There’s a lot going on at home and in the world these days. But the rising value of the dollar sticks out for economists.
Yes, there’s news like U.S. Sen. Ted Cruz’s announcement that he is throwing his hat into the Republican presidential contest. Yes, there’s news of Benjamin Netenyahu’s election as the next prime minister of Israel.
And my current favorite, South Koreans activists want to send thousands of DVDs of the movie “The Interview” via balloons to North Korea – a foolproof method of getting rid of President-for-Life Kim Jong-un.
Among the hubbub, you may have lost track of the U.S. dollar’s recent rapid appreciation against other currencies – for example, gaining 25 percent against the euro – in past six months.
So what does it mean?
Well, for one, it might be a good year to consider foreign travel. Or replace your foreign skis or tennis racket.
But this effects us in other ways, as well.
First, it will lead to a worsening trade balance, which, depending on how you want to look at it, is good or bad.
It is bad for sectors that export as the price of these exports rise sharply, depending on the amount of exchange rate “pass through” of course.
This is particularly important given recent price shocks in oil markets, and it is ominous for workers in the energy sector.
It’s good for buyers of foreign goods and the countries that produce them. The American economy needs a healthy rest of the world as a market for our exports, all roughly $1.5 trillion of them.
The dollar’s rise also helps keep our inflation in check. Cheaper imported goods – everything from tennis rackets to a room at the Savoy Hotel in London – ensure that the prices of many of the goods we buy remain low.
And that’s good news for the Fed. With inflation low, the Fed is under less pressure to raise interest rates – something everyone expects soon, but now there’s a slight cloud of uncertainty as to when exactly.
In fact, the Fed may be less willing to raise rates precisely because the dollar has appreciated.
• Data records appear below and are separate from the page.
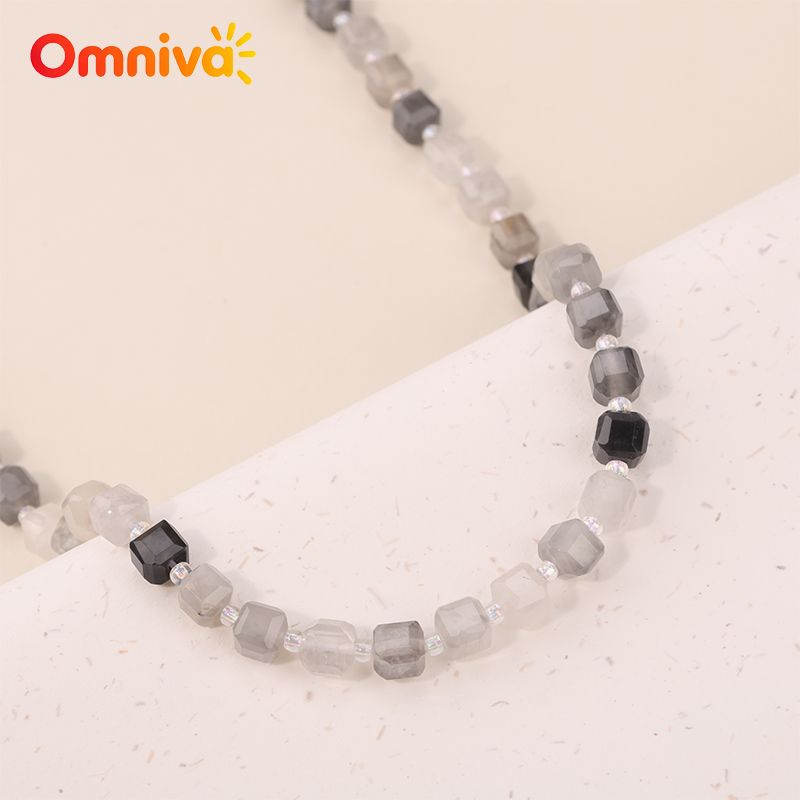 Doğal taş Bulut Kristal El Yap - Women Accessories In Wholesale incelemesi ve fiyatı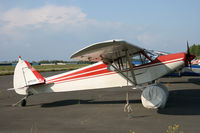 N7532K @ PABV - PABV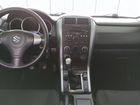 Suzuki Grand Vitara 2.4 МТ, 2008, 110 000 км объявление продам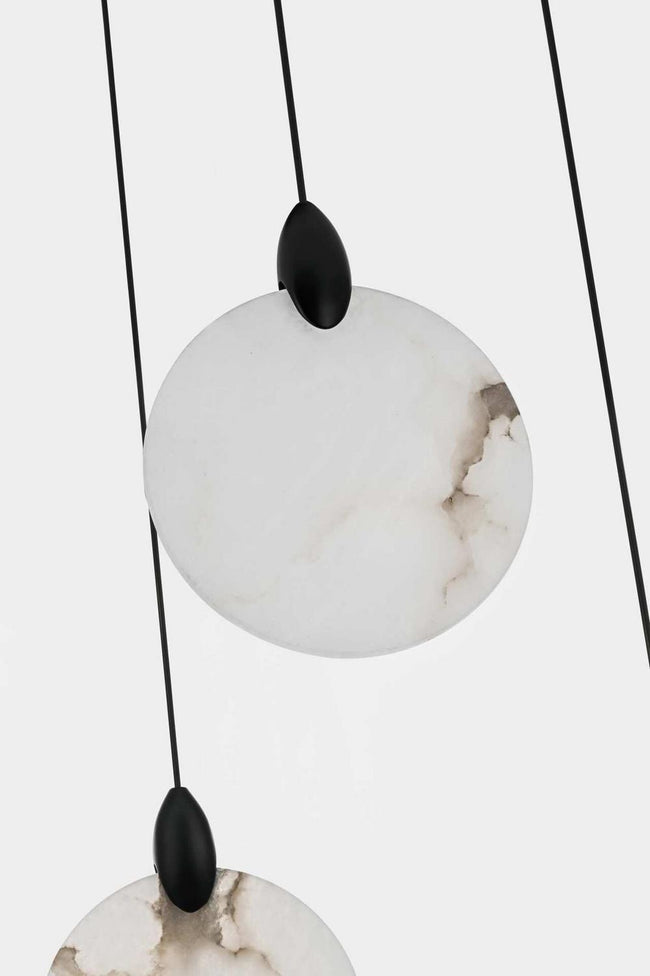 Elegant Lighting-1012D12BK-11ST|ALT|5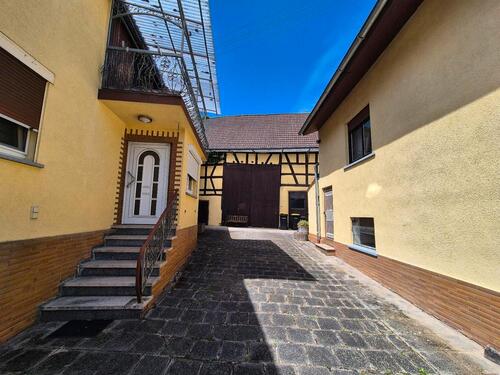 Foto - 4 Zimmer Einfamilienhaus zum Kaufen in Altenstadt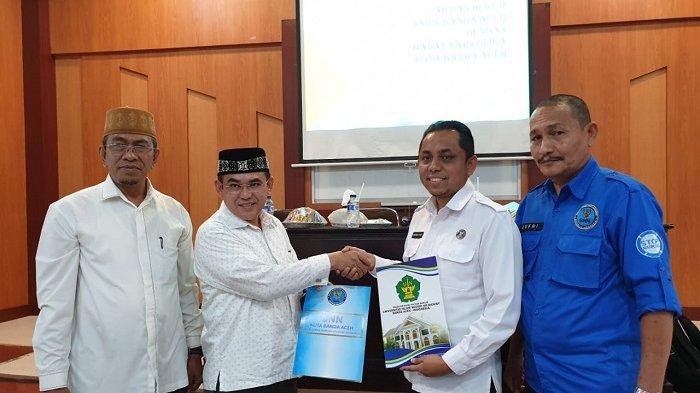 Kepala BNN Banda Aceh : Hukuman Mati Bagi Bandar Narkoba Sesuai Konstitusi dan Tidak Melanggar HAM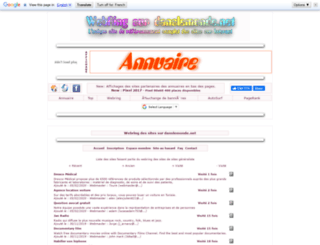 webring-sites.danslemonde.net screenshot
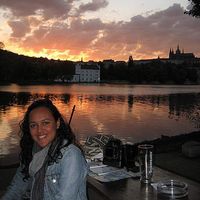 Maria Beatriz Vivas's Photo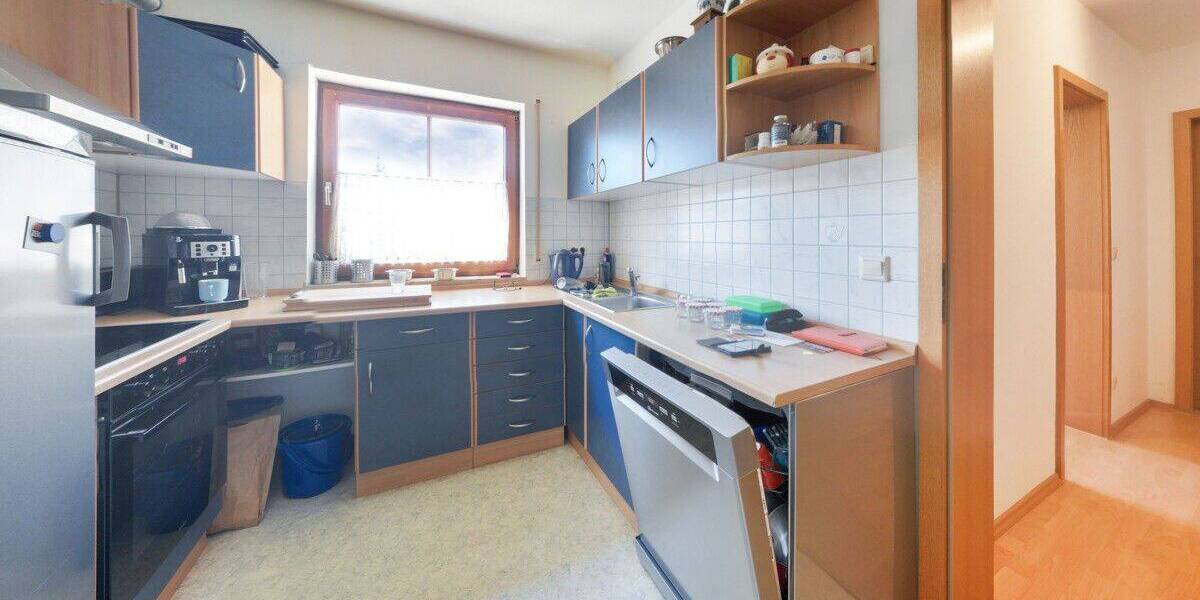 Etagenwohnung Roth - 3 Zimmer, 82 m&sup2;, 249.000&euro; | Angebot:26859259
In fact, much of the rise in the dollar has been caused by the European Central Bank’s decision, finally, to do some quantitative easing.
As mentioned above, a stronger dollar hurts exports, and, with the U.S. economy still staggering a bit, it doesn’t need another shock to pull it back into the mire.
The Fed’s potential delay impacted us in other ways as well, particularly in financial markets, cheap money buoys stock markets.
Subtle signals from the Fed’s last policy meeting pushed stock markets and the dollar up in one fell swoop.
And nudged interest rates back down.
So now we can all get back to the business of buying stuff and pondering balloons laden with DVDs floating to North Korea.